When should it be? The best answer to this question lies at the intersection of school calendars, community events, and the weather. It helps to have copies of the local schools’ calendars and even the college football schedule on hand when picking a date. Participation can be adversely affected by an unforeseen youth soccer tournament, school event, or football rivalry. Some churches have great success with midweek events as a part of Wednesday night activities while others can attract a crowd on Saturdays. Know what dates and times works best for your congregation and plan accordingly.

What is the purpose? This question can be asked about every event your church organizes. Knowing what you are trying to accomplish influences every aspect of your fall festival from the menu to the promotion. If the purpose is for church members to get together and enjoy each other’s company and fellowship, you do not need a lot of community promotion. If you are hoping it will be an outreach to the community, you need to put time and money into getting the word out through a variety of channels. A good starting place is signage and social media, but depending on how large a scale you have in mind, it may include advertising and local business sponsorships.

Who is it for? It’s best to decide if you’ll host a children’s event or a children-of-all-ages event before you book a clown, chalk artist, or bounce house. Some of the decisions that flow from knowing your target age range are obvious. The seniors won’t be in the bounce house—for the most part. But how you plan the program will be directly related to who you want to attend. If the answer is “everyone!” that’s fine. Just make sure your entertainment and recreation plans reflect that. Beyond age, it’s important to know if this is for the church folks or the community.
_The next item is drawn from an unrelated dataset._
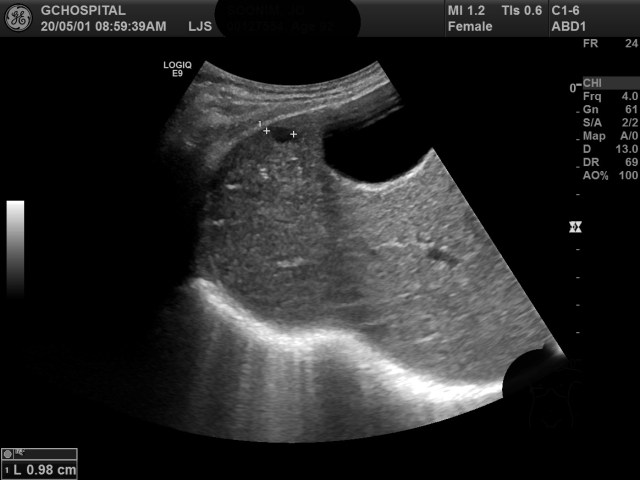 00127554_US_20200501115_20200501_004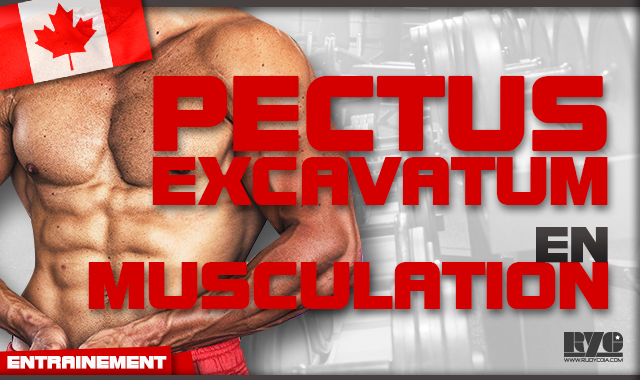 Que faire avec un Pectus Excavatum en musculation ?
You’ll know the answer better if you’ve worked through the previous question about the event’s purpose. Be sure to have a good handle on who you are doing the event for because your plan can have a fatal flaw on this point if you’re not careful.
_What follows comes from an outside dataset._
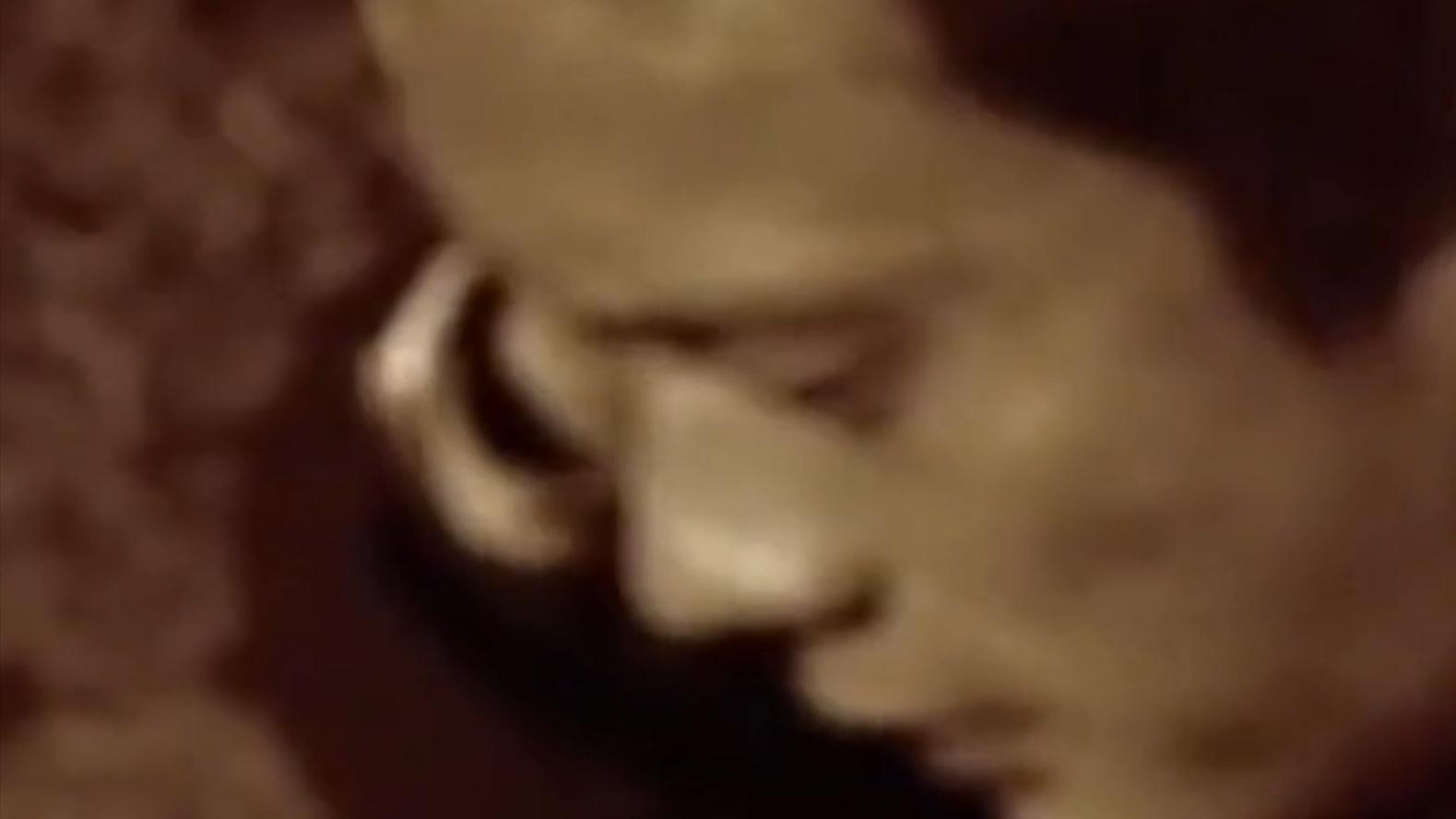 云南男子口臭手术后现在怎么样了,云南男子口臭查出了大毛病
How much should it cost? I don’t have a magic formula, but I do have plenty of examples of churches not having this conversation ahead of time and expenses running amok. If you are planning to use the event as an outreach, you may be able to tap into other budget line items, but that doesn’t mean those are effective uses of those dollars. How churches minister to their communities and the world is often measured in spending. Be careful not to invest too heavily in entertaining yourself at the expense of serving a world in need.

Whatever your Fall Festival 2021 looks like, be sure to keep the deacons out of the cider, don’t fall off the hayride, and look out for folks getting lost in the corn maze. My prayer is that we’ll all soon be able to attend fall festivals COVID-free.

Lance Wallace is a Baptist layperson and member of Parkway Baptist Church in Johns Creek, GA. He earns a living in higher education communications and writes a blog at newsouthessays.com.